• Film

Docs: Jeffrey Schwarz – Gloria Swanson’s Ready for her Next Close-Up

Jeffrey Schwarz, like most cinephiles, has a special love for the film Sunset Boulevard. While the award-winning documentarian thought he knew everything about Billy Wilder’s 1950 Hollywood masterpiece, which introduced the world to Norma Desmond, an aging actress brilliantly played by Golden Globe-winning Best Actress Gloria Swanson, he was surprised to discover a unique afterlife to the cinematic classic.

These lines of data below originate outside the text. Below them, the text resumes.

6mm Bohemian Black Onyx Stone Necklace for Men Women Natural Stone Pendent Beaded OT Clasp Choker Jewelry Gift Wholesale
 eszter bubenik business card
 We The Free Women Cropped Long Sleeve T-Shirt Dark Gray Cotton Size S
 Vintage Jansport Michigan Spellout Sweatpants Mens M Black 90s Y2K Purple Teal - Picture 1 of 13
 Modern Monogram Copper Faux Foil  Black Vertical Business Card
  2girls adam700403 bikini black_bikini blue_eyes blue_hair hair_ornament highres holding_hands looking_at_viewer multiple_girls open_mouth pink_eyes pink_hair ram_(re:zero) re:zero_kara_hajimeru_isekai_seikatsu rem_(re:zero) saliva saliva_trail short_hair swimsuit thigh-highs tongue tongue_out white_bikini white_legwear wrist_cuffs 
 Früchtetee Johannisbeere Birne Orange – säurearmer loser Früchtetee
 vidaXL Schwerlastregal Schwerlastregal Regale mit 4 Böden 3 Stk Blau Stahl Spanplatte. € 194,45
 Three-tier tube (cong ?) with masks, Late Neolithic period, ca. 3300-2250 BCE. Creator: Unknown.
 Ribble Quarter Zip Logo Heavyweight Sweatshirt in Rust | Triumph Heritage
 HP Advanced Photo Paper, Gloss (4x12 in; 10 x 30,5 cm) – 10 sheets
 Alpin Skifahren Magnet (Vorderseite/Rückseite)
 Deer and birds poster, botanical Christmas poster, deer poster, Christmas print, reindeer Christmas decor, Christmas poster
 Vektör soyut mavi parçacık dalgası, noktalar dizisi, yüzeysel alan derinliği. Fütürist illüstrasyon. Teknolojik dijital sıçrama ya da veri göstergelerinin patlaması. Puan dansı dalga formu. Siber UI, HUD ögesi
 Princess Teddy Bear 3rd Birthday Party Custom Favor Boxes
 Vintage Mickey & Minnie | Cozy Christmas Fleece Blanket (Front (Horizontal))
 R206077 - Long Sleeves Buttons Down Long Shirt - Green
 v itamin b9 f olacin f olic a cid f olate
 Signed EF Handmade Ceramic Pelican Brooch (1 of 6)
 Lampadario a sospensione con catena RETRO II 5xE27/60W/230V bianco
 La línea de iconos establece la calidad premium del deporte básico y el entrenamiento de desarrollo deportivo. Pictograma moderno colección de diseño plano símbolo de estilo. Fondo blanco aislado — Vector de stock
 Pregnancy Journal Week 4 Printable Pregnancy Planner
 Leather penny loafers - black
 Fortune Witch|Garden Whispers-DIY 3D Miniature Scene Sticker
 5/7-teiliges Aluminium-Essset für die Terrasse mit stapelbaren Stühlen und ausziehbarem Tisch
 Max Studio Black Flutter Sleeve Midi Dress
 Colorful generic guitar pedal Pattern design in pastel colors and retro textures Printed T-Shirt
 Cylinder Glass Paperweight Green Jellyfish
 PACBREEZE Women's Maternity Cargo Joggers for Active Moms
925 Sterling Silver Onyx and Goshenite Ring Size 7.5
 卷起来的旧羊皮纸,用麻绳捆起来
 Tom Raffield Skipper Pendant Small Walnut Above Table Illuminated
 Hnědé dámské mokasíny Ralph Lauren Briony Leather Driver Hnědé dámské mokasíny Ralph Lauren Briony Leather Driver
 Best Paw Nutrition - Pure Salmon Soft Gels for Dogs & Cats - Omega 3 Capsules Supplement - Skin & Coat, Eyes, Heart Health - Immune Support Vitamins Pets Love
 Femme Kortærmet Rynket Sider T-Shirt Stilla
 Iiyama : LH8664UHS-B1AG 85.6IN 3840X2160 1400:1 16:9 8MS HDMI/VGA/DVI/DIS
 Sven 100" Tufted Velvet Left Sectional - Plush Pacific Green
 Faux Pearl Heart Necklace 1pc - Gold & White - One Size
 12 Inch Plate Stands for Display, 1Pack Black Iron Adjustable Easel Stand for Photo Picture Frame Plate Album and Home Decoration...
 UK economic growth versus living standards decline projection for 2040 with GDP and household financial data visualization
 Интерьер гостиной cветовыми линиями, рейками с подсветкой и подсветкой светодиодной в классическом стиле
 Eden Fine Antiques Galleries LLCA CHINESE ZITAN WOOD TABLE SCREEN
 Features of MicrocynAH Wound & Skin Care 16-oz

Premiering at the 2021 Outfest Film Festival, Boulevard! A Hollywood Story tells of Swanson’s pursuit to turn the iconic film into a musical, decades before Andrew Lloyd Webber would ever get the chance. Having previously trained his documentary lens on the lives of such distinct personalities as Divine, Tab Hunter and Allan Carr, Schwarz soon realized the story broadened to a much bigger examination of ego, ageism and a three-way love affair.

Hollywood is an industry where so much of history is buried. How did this story come to your attention?

I love Sunset Boulevard like so many of us, it’s one of my favorite movies. But I had no idea that this incident happened, which is Gloria Swanson’s failed attempts to make a musical version of Sunset Boulevard. I didn’t know about it until I read a book by Sam Stags about the making of Sunset Boulevard. And there was one chapter in there about this musical. As soon as I read this chapter, I just couldn’t believe it. She enlisted the help of these two young composers, Dickson Hughes and Richard Stapley, who really not many people have ever heard of and the three of them went about making this musical or trying to make this musical. They wrote the entire score together, they wrote all the songs, there are recordings, test recordings of all the songs. So as soon as I learned about this, I thought it would make a sensational documentary because it’s got all the elements you want, not just for a documentary, but any kind of movie like that.  It’s got drama, it’s got suspense, it’s a love story, it’s a love triangle, it’s got everything you possibly would want.

 

Part of the fun for a documentarian is uncovering lost gems; archival footage that people never knew existed. You stumbled into a publisher’s office and scored the soul of this film.

When I first learned about the story, I wasn’t sure that it even could be a documentary because Gloria is gone, Richard and Dickson are no longer with us, so I didn’t know.  But when you start making a documentary, you just start looking around and you start hunting. A friend of mine, Alan Eikler was friends with Dickson Hughes, one of the two composers. I took them out to breakfast, and he said to me I have been waiting for somebody to ask me about this for twenty-five years. (laughs) He knew that there was a great story here to tell. He connected me with Steven Bach who was friends with the other gentleman Richard Stapley. Back in the 2000s when Richard was still with us, Steven sat down and interviewed Richard, because he just knew that this story was so incredible; and while he didn’t know what he was going to do with the interview, he knew that he just needed to get Richard to sit down and tell the story, which he did.  Watching that footage, I knew I could tell the full story as I had Richard’s side. And then in digging further, I found an archival interview with Dickson, the other composer, where he told his side of the story.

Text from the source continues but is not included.